Data entries:
'''
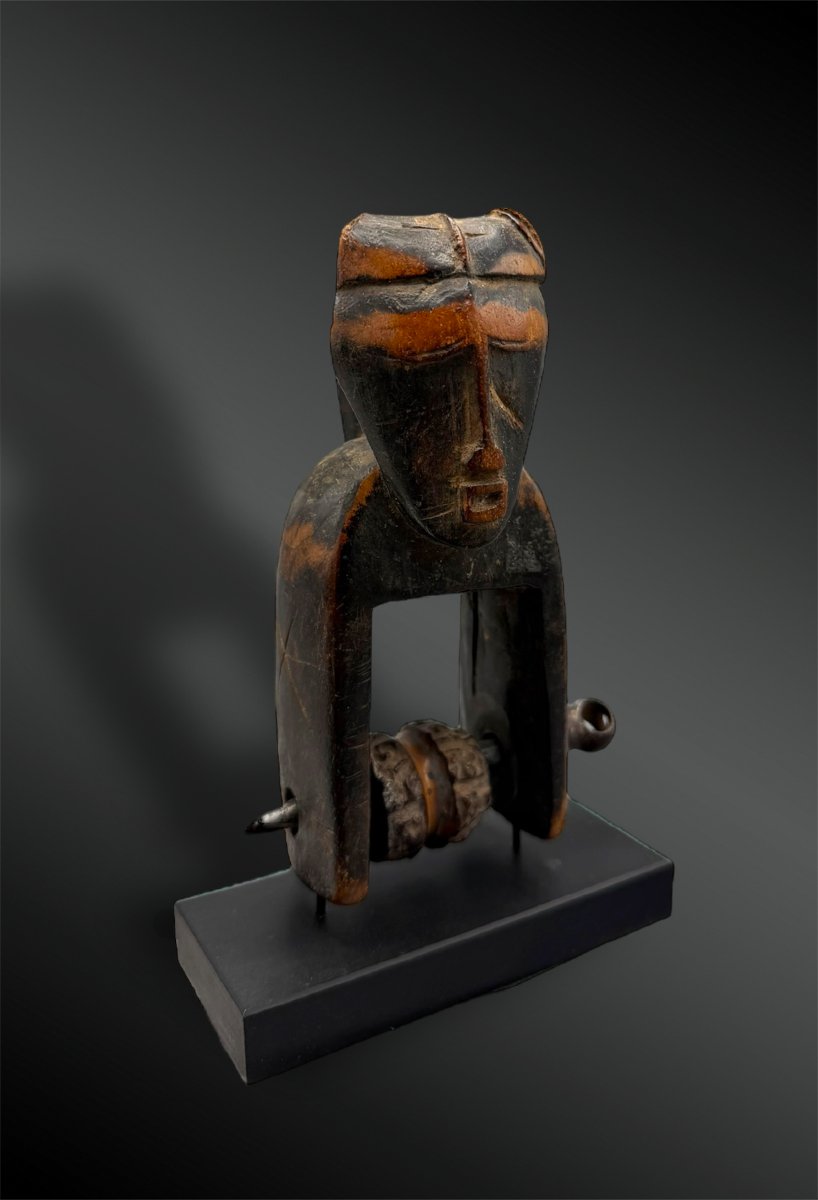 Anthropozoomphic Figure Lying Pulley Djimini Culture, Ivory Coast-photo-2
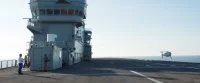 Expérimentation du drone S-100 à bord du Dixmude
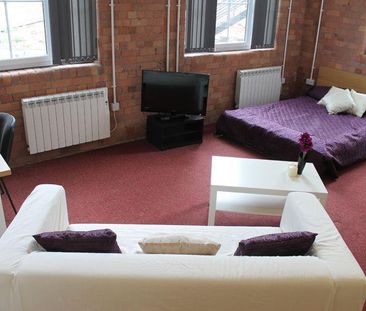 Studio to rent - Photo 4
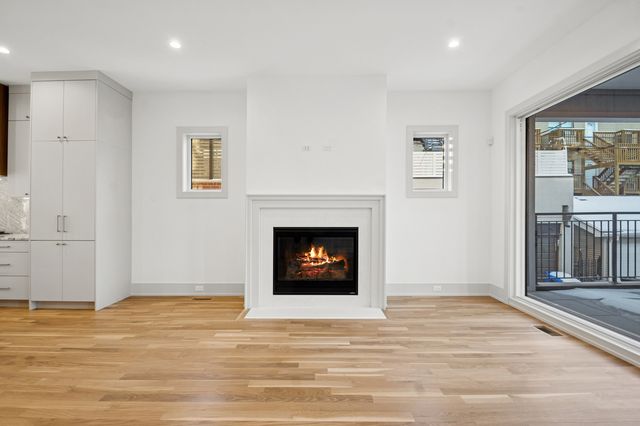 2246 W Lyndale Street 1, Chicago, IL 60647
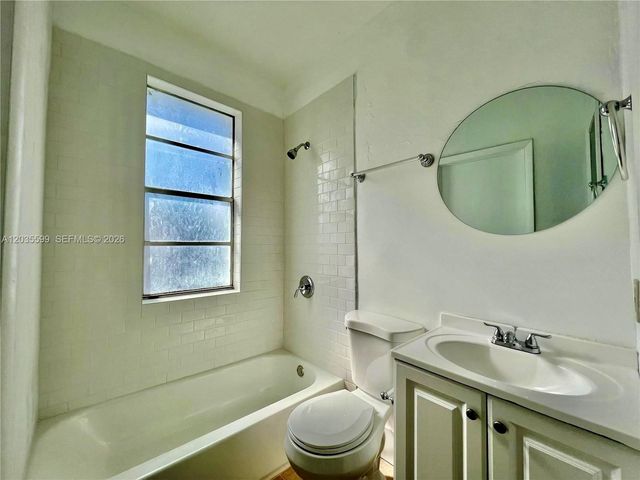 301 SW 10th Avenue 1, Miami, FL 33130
'''
» **WORK INSTRUCTIONS**:
Only the lines from the one containing "Studio to rent - Photo 4" through the last line of the records above should be repeated, exactly and without pictures.

» **WRITTEN RESPONSE**:
 Studio to rent - Photo 4
 2246 W Lyndale Street 1, Chicago, IL 60647
 301 SW 10th Avenue 1, Miami, FL 33130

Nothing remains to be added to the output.